[Short descriptive text snippets]
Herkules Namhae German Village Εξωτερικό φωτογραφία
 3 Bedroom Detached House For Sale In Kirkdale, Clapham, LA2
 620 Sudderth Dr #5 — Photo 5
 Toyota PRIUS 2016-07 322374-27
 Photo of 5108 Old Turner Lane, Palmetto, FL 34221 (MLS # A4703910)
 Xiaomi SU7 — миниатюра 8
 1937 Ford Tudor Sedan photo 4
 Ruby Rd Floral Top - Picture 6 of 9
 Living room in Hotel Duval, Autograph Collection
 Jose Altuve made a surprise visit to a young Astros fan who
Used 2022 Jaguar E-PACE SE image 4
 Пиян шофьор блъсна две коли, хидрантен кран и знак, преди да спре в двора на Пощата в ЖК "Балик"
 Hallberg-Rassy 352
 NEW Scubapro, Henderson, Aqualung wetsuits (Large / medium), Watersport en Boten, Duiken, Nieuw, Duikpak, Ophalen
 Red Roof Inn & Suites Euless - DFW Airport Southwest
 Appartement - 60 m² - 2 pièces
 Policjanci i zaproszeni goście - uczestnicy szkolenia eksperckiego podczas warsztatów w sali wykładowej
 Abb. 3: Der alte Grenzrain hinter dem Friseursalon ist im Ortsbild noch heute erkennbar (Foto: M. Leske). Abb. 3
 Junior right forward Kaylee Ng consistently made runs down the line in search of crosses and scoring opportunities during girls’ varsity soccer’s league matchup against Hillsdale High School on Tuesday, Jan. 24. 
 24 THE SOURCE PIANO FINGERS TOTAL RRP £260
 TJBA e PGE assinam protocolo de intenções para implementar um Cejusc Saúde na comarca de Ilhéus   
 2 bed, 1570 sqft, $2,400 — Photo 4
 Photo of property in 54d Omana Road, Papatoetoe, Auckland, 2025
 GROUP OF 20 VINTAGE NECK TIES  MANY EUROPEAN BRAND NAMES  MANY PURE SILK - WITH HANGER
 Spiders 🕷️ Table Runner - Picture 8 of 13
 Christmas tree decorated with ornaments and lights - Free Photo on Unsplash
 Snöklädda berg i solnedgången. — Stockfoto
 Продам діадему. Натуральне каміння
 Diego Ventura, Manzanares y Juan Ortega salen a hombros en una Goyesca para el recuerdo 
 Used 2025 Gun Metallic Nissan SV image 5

HOW TO COMPLETE THIS TASK: Copy out each record from above, exactly.

RESPONSE TO THIS EXERCISE:
Herkules Namhae German Village Εξωτερικό φωτογραφία
 3 Bedroom Detached House For Sale In Kirkdale, Clapham, LA2
 620 Sudderth Dr #5 — Photo 5
 Toyota PRIUS 2016-07 322374-27
 Photo of 5108 Old Turner Lane, Palmetto, FL 34221 (MLS # A4703910)
 Xiaomi SU7 — миниатюра 8
 1937 Ford Tudor Sedan photo 4
 Ruby Rd Floral Top - Picture 6 of 9
 Living room in Hotel Duval, Autograph Collection
 Jose Altuve made a surprise visit to a young Astros fan who
Used 2022 Jaguar E-PACE SE image 4
 Пиян шофьор блъсна две коли, хидрантен кран и знак, преди да спре в двора на Пощата в ЖК "Балик"
 Hallberg-Rassy 352
 NEW Scubapro, Henderson, Aqualung wetsuits (Large / medium), Watersport en Boten, Duiken, Nieuw, Duikpak, Ophalen
 Red Roof Inn & Suites Euless - DFW Airport Southwest
 Appartement - 60 m² - 2 pièces
 Policjanci i zaproszeni goście - uczestnicy szkolenia eksperckiego podczas warsztatów w sali wykładowej
 Abb. 3: Der alte Grenzrain hinter dem Friseursalon ist im Ortsbild noch heute erkennbar (Foto: M. Leske). Abb. 3
 Junior right forward Kaylee Ng consistently made runs down the line in search of crosses and scoring opportunities during girls’ varsity soccer’s league matchup against Hillsdale High School on Tuesday, Jan. 24. 
 24 THE SOURCE PIANO FINGERS TOTAL RRP £260
 TJBA e PGE assinam protocolo de intenções para implementar um Cejusc Saúde na comarca de Ilhéus   
 2 bed, 1570 sqft, $2,400 — Photo 4
 Photo of property in 54d Omana Road, Papatoetoe, Auckland, 2025
 GROUP OF 20 VINTAGE NECK TIES  MANY EUROPEAN BRAND NAMES  MANY PURE SILK - WITH HANGER
 Spiders 🕷️ Table Runner - Picture 8 of 13
 Christmas tree decorated with ornaments and lights - Free Photo on Unsplash
 Snöklädda berg i solnedgången. — Stockfoto
 Продам діадему. Натуральне каміння
 Diego Ventura, Manzanares y Juan Ortega salen a hombros en una Goyesca para el recuerdo 
 Used 2025 Gun Metallic Nissan SV image 5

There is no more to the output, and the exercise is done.